Mercredi 23 août
Geneviève (la fille du docteur Gondal-ndlr) est partie de bonne heure ce matin à Ivry pour aider au plan de détresse pour la répartition du lait aux enfants. (…) Dans la journée, elle avait l’air assez désabusée de la conduite de la population pillant son ancien centre et d’autres lieux avec le retour des anciens maires et chefs extrémistes à la mairie.
A Paris période de calme et d’agitation intermittentes aux canonnades et mitrailleuses. Le Grand palais brûle incendié par les allemands attaquant un poste de défense.
(…)L’Hôtel Jeanne d’Arc est occupé par un petit état major de la FFI. On annonce que les troupes du général Leclerc sont à Arpajon.
Jeudi 24 août.
Nuit et matinée de pluie continue. Combats relativement calmes mais non supprimés. A l’heure où j’écris 17 h, on est en train de former une barricade en face du Lutétia avec des voitures et des arbres. A l’instant même des tanks survenus tirent au canon sur le barrage mais sont obligés de se détourner n’ayant pu le franchir.
N’étant pas sortis de la journée nous allons avec Marcelle voir les barricades de Lutetia. La rue de Rennes est en effervescence, des voitures annonçant l’arrivée des troupes françaises du général Leclerc à la Porte d’Orléans puis de Vanves et à Issy les Moulineaux. Il fait presque nuit mais en un clin d’oeil toutes les fenêtres se couvrent de drapeaux. On s’attend à les voir défiler. Mais chacun rentre chez soi avec désillusion sans les avoir vus. La radio parisienne vraiment désordonnée dans le fond et dans la forme annonce des défilés et la libération complète déjà depuis quelques jours.
Bombardement ininterrompus et très rapprochés aux environs de l’école Militaire. On reçoit continuellement des coups de téléphone d’amis enthousiastes et anxieux à la fois. (…). C’était un soulagement de communiquer fréquemment avec les uns et les autres, ses amis ou parents éloignés dans des quartiers dangereux et d’avoir ainsi l’esprit éclairé et le coeur rassuré.

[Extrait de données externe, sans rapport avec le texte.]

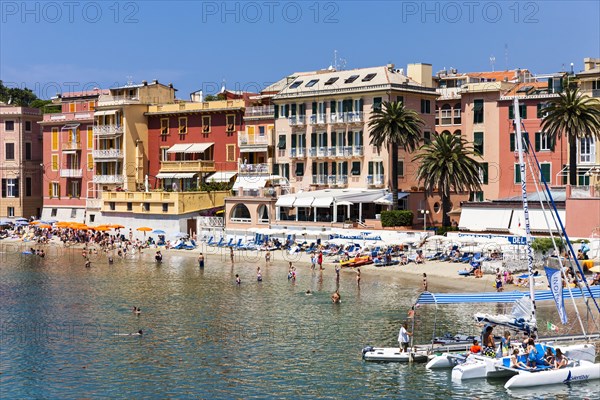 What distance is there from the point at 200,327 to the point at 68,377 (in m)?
11.4

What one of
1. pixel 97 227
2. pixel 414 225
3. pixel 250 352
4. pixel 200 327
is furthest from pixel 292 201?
pixel 250 352

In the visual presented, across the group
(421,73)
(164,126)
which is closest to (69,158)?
(164,126)

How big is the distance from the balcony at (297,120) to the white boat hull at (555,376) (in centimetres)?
5494

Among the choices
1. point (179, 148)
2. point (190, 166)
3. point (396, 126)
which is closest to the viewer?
point (396, 126)

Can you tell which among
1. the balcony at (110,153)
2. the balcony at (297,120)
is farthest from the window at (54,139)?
the balcony at (297,120)

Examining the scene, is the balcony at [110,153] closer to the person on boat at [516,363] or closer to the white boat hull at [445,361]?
the white boat hull at [445,361]

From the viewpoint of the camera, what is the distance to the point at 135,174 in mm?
105000

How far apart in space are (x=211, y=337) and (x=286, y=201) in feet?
130

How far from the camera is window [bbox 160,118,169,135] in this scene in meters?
105

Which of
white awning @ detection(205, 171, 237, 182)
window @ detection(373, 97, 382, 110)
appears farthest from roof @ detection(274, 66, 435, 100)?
white awning @ detection(205, 171, 237, 182)

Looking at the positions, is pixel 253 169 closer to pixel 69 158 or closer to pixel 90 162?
pixel 90 162

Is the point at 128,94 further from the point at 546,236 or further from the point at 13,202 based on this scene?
the point at 546,236

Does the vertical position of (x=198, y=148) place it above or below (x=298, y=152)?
above

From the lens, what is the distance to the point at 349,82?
293 feet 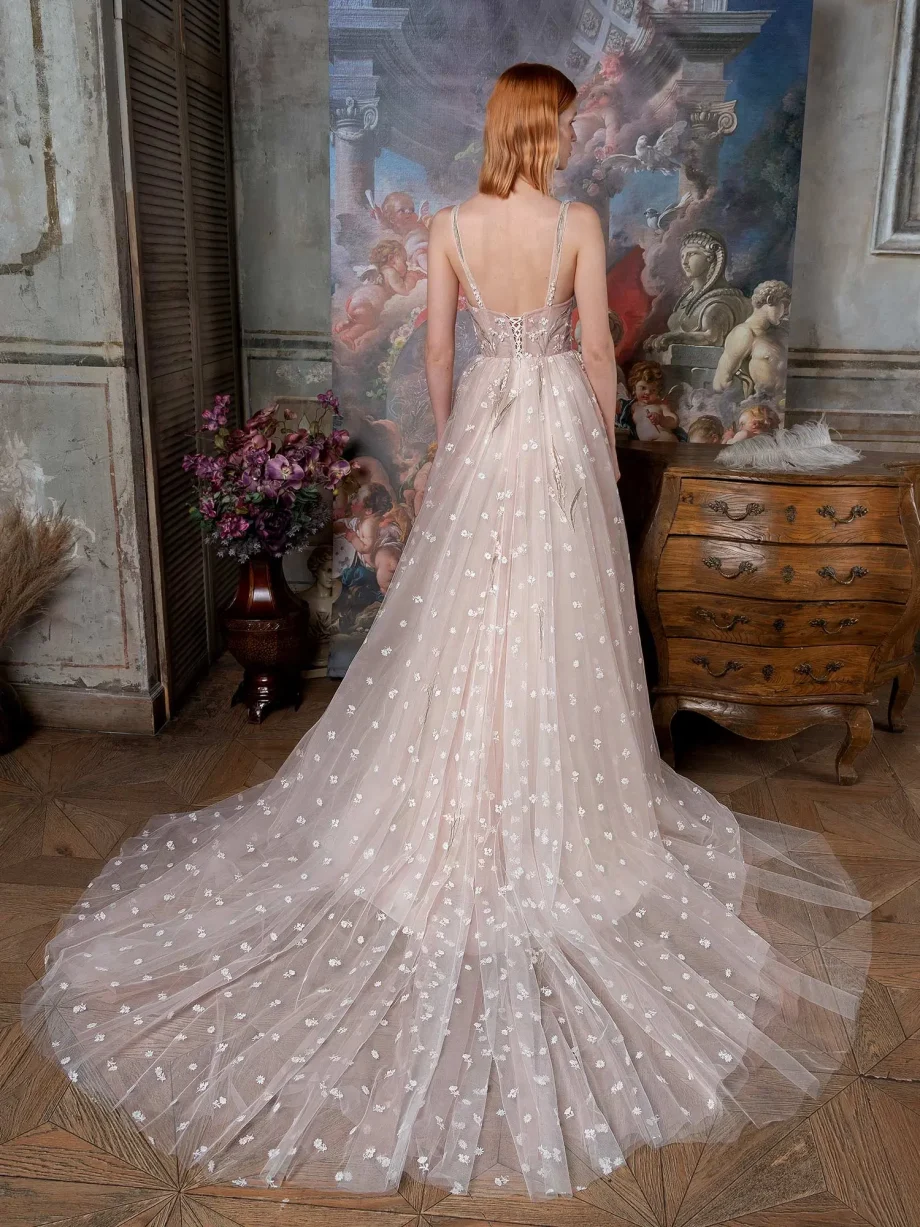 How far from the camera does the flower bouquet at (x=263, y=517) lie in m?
3.60

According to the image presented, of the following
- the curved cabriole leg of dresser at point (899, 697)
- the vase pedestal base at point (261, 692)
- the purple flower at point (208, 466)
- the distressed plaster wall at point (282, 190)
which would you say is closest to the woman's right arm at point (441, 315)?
the purple flower at point (208, 466)

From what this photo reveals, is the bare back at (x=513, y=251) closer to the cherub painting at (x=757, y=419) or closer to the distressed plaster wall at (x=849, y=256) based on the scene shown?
the cherub painting at (x=757, y=419)

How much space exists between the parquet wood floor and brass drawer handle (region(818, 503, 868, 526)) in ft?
2.95

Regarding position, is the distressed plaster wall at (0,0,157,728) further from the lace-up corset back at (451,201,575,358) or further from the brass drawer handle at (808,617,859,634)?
the brass drawer handle at (808,617,859,634)

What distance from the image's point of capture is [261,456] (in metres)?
3.58

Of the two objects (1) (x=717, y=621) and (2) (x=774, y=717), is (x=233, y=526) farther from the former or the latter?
(2) (x=774, y=717)

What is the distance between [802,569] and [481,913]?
1.52 meters

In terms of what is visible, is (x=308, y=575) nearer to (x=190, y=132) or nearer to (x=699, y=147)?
(x=190, y=132)

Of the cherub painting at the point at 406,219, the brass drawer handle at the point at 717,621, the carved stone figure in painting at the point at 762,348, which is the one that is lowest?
the brass drawer handle at the point at 717,621

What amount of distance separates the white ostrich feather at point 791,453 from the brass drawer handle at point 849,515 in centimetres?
14

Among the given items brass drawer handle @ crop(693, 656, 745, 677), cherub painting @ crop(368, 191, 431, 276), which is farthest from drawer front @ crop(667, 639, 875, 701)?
cherub painting @ crop(368, 191, 431, 276)

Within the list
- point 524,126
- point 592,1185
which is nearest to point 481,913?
point 592,1185

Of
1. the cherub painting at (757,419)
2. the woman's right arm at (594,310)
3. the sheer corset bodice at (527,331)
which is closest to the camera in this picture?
the woman's right arm at (594,310)

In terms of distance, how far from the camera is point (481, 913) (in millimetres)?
2438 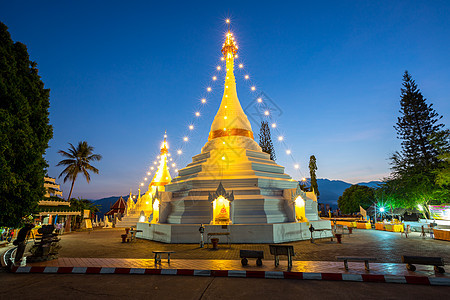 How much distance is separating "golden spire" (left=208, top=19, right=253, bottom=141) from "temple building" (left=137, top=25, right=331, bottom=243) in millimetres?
90

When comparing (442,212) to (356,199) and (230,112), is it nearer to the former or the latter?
(230,112)

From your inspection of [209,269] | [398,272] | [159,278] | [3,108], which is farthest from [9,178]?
[398,272]

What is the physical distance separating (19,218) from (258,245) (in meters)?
10.4

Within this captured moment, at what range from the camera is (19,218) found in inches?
355

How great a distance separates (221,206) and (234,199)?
0.93m

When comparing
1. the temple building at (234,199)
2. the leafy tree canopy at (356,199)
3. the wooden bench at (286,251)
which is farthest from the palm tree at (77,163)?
the leafy tree canopy at (356,199)

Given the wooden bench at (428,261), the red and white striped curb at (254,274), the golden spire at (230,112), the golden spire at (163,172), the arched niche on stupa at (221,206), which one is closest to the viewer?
the red and white striped curb at (254,274)

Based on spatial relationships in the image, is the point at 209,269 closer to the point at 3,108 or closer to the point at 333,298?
the point at 333,298

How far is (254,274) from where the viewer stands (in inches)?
264

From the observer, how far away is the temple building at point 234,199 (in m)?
13.3

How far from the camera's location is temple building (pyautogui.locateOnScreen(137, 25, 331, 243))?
13.3 meters

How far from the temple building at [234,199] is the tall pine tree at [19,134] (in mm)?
6895

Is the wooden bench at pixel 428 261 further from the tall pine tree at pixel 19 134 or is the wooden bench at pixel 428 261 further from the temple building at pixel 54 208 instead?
the temple building at pixel 54 208

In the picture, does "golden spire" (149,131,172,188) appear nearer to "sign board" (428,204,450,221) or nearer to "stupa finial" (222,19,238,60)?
"stupa finial" (222,19,238,60) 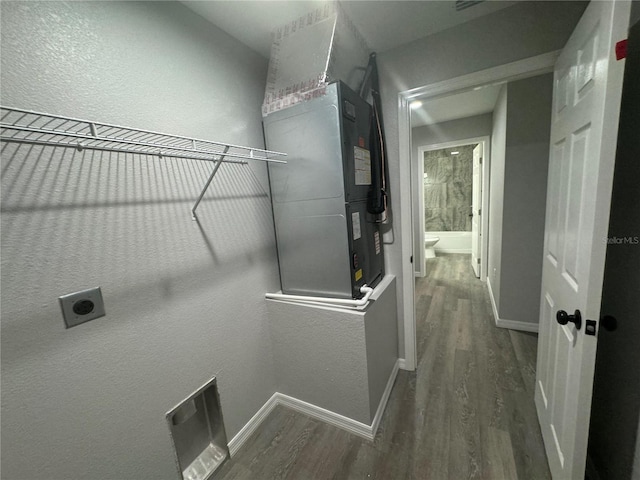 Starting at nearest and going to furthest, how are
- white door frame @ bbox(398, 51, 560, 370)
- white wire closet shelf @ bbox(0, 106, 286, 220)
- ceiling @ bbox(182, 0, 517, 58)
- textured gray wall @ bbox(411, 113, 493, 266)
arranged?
white wire closet shelf @ bbox(0, 106, 286, 220) < ceiling @ bbox(182, 0, 517, 58) < white door frame @ bbox(398, 51, 560, 370) < textured gray wall @ bbox(411, 113, 493, 266)

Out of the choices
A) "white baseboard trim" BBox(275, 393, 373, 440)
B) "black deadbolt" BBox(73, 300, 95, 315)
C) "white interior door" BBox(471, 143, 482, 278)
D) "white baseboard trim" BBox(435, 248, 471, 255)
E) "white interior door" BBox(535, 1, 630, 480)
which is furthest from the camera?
"white baseboard trim" BBox(435, 248, 471, 255)

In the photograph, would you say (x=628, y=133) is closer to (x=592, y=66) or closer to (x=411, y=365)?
(x=592, y=66)

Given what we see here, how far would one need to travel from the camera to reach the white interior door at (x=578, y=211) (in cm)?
78

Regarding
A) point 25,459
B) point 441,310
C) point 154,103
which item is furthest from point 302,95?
point 441,310

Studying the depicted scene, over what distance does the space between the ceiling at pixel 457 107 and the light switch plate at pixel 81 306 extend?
2.98 meters

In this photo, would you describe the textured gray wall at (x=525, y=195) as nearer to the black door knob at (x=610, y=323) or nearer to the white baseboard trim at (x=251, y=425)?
the black door knob at (x=610, y=323)

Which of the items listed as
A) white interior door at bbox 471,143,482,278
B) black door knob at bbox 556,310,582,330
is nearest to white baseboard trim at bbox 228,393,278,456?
black door knob at bbox 556,310,582,330

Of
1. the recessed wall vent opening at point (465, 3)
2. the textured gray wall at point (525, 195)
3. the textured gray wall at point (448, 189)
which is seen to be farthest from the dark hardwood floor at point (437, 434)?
the textured gray wall at point (448, 189)

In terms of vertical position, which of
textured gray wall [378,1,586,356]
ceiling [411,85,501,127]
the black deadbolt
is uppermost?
ceiling [411,85,501,127]

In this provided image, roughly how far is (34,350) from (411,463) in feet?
5.59

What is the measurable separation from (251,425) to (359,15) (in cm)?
246

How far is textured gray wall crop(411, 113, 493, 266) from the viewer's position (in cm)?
353

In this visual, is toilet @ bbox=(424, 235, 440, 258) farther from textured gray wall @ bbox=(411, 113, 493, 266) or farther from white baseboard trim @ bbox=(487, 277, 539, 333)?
Answer: white baseboard trim @ bbox=(487, 277, 539, 333)

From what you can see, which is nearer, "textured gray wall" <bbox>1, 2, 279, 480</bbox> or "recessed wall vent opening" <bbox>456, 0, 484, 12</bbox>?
"textured gray wall" <bbox>1, 2, 279, 480</bbox> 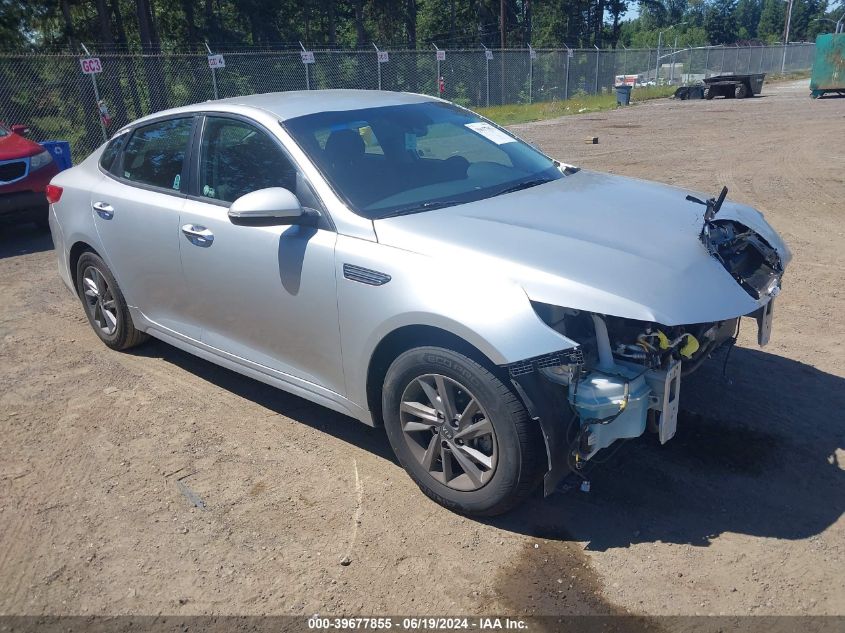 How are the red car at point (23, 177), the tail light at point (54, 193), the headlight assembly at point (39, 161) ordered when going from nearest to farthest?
the tail light at point (54, 193)
the red car at point (23, 177)
the headlight assembly at point (39, 161)

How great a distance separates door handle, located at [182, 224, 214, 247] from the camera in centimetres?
416

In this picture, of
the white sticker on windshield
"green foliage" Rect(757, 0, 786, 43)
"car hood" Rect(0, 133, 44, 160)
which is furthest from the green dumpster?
"green foliage" Rect(757, 0, 786, 43)

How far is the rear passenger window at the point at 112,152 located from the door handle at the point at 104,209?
0.90 feet

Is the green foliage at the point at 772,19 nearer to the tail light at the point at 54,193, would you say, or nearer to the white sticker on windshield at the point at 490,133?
the white sticker on windshield at the point at 490,133

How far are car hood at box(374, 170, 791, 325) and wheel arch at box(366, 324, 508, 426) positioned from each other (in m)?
0.30

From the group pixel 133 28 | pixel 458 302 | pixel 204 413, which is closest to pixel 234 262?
pixel 204 413

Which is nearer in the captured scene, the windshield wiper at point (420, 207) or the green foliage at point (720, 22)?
the windshield wiper at point (420, 207)

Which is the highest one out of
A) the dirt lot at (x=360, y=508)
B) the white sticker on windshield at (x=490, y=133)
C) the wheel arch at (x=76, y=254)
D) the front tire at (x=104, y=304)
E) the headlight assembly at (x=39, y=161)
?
the white sticker on windshield at (x=490, y=133)

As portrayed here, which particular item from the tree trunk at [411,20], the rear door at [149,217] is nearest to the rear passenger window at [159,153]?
the rear door at [149,217]

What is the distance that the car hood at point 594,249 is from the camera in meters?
2.95

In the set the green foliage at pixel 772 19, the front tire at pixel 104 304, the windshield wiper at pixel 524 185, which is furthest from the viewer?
the green foliage at pixel 772 19

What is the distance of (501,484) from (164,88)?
18294mm

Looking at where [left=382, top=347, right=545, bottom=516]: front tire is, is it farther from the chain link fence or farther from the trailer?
the trailer

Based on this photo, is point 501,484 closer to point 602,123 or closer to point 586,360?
point 586,360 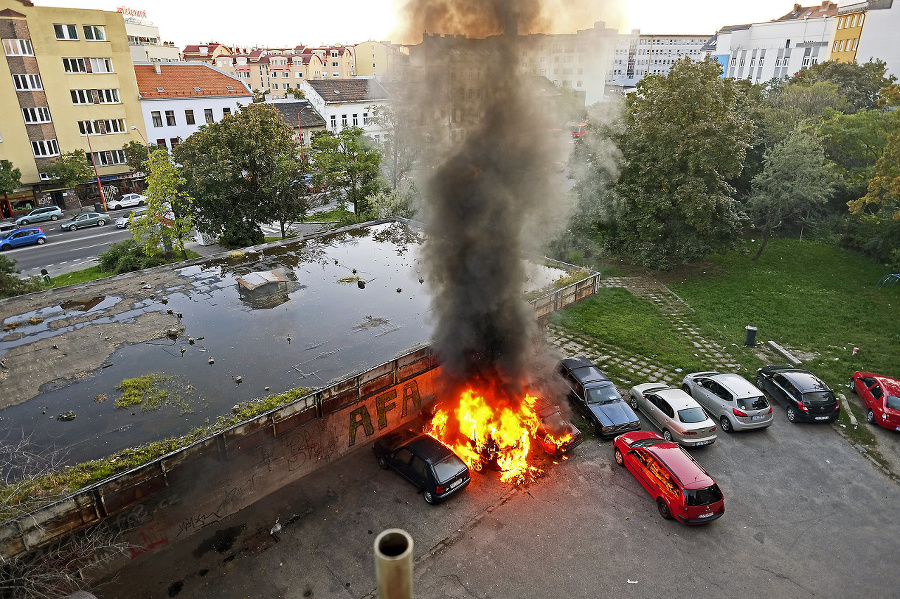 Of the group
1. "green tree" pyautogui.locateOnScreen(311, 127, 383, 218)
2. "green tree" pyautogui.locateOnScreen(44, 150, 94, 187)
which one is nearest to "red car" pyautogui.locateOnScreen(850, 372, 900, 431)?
"green tree" pyautogui.locateOnScreen(311, 127, 383, 218)

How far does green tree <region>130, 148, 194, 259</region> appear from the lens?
23.0 metres

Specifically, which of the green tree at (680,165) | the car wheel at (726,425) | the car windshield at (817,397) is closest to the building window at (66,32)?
the green tree at (680,165)

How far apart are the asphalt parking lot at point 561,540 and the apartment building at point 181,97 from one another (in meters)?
38.8

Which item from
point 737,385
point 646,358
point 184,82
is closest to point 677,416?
point 737,385

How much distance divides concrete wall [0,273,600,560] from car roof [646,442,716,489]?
19.9ft

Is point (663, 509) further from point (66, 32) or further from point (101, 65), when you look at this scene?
point (66, 32)

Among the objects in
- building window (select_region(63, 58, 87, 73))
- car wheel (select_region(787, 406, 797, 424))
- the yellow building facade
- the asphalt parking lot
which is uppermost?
the yellow building facade

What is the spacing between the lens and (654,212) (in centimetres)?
2459

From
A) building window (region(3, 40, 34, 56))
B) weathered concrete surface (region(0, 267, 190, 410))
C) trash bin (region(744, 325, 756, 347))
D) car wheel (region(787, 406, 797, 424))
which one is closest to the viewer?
weathered concrete surface (region(0, 267, 190, 410))

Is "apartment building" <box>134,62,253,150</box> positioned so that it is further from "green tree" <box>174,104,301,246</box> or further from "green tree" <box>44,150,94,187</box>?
"green tree" <box>174,104,301,246</box>

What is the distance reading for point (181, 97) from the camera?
4284 cm

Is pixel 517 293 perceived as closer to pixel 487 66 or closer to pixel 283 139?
pixel 487 66

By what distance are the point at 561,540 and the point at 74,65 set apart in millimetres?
45405

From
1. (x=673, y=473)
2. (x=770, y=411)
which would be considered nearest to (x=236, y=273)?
(x=673, y=473) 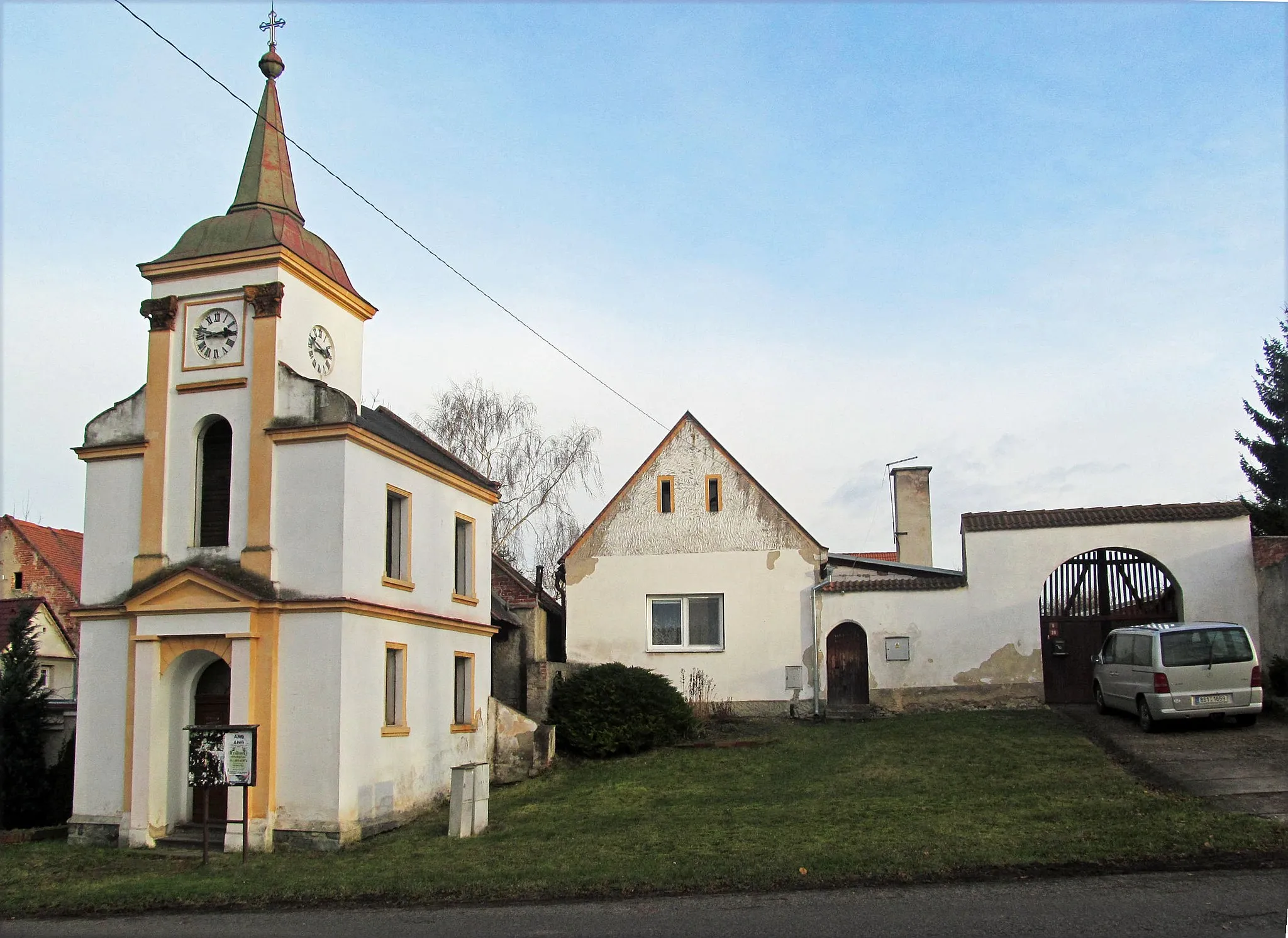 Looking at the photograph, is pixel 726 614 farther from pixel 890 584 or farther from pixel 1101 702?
pixel 1101 702

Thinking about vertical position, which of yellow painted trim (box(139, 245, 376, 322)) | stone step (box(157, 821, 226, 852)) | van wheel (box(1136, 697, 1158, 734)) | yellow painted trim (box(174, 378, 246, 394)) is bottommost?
stone step (box(157, 821, 226, 852))

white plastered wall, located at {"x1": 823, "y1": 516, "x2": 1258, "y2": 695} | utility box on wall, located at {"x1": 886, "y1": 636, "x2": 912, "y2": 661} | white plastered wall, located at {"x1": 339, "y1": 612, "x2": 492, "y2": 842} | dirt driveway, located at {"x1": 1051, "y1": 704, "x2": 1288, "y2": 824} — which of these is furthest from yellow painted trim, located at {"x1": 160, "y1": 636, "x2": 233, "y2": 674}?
utility box on wall, located at {"x1": 886, "y1": 636, "x2": 912, "y2": 661}

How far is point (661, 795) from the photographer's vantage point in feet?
56.6

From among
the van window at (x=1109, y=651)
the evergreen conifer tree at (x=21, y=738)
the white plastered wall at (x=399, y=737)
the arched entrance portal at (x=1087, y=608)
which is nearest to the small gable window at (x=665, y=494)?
the white plastered wall at (x=399, y=737)

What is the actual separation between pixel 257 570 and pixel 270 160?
7.54m

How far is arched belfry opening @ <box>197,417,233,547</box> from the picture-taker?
17.2 metres

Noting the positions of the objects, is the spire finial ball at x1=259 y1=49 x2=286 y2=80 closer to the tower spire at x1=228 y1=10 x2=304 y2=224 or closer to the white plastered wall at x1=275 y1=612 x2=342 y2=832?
the tower spire at x1=228 y1=10 x2=304 y2=224

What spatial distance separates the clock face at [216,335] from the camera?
17500mm

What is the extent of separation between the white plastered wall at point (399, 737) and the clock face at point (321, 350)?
4.51 meters

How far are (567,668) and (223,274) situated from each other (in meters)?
11.7

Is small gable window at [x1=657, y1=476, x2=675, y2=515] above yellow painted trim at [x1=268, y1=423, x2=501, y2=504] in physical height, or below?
above

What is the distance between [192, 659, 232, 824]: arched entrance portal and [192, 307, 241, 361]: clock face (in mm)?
4836

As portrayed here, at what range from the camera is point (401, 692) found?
58.2 ft

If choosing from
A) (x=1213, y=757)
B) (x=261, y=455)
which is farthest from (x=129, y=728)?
(x=1213, y=757)
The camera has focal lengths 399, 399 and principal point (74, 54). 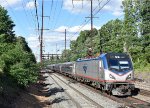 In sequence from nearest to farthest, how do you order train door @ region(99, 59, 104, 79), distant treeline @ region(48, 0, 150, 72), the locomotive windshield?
the locomotive windshield
train door @ region(99, 59, 104, 79)
distant treeline @ region(48, 0, 150, 72)

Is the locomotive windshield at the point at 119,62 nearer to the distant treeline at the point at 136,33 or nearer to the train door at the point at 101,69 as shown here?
the train door at the point at 101,69

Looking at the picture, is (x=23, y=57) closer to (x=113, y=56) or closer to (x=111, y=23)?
(x=113, y=56)

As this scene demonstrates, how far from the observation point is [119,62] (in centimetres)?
2884

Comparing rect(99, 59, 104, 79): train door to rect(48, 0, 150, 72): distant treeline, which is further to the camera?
rect(48, 0, 150, 72): distant treeline

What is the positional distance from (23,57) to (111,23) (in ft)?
283

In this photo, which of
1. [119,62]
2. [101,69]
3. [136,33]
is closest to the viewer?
[119,62]

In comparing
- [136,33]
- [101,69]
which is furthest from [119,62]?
[136,33]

vendredi 25 août : Premiers français libres à Paris
La fin de la nuit a été un peu plus calme. Aux premières heures de la journée, le bd Raspail pavoise et nous voyons passer avec émotion quelques voitures isolées de l’armée française, marocaines probablement. Toute la rue est en fièvre. Ils sont enfin vraiment là ! On entend tout à coup dans le voisinage de la rue de Sèvres des feux assez nourris de fusils ou de mitrailleuse. Le canon lui-même se fait entendre vers le quartier latin ou les Tuileries. Bref malgré pavoisement et enthousiasme ; il ne paraît pas que la situation de bataille ait changée dans la ville et les allemands n’ont pas du tout l’air de vouloir capituler. Détail particulier on ne voit pas d’avions ces jours-ci sauf un ou deux patrouilleurs ce matin à basse altitude paraissant allemands.
Des tanks et voitures françaises et américaines viennent de plus en plus nombreux salués par les applaudissements nourris de la population. Un peu après midi, une canonnade intense tonne d’une part au quartier latin et d’autre par vers la Concorde et la Chambre des Députés. On a l’impression très nette que c’est l’assaut aux places fortes allemandes. Nous avons l’impression assez émouvante d’être en pleine bataille. Depuis ce matin, on a vu circuler aucun tank allemand. On note une forme assez surprenante et très désagréable d’une guérilla invisible. Des tireurs disposés partout sur les toits et presque impossible à dépister tirent des coups de feux isolés mais très fréquents dans toutes lesrues et tous les quartiers.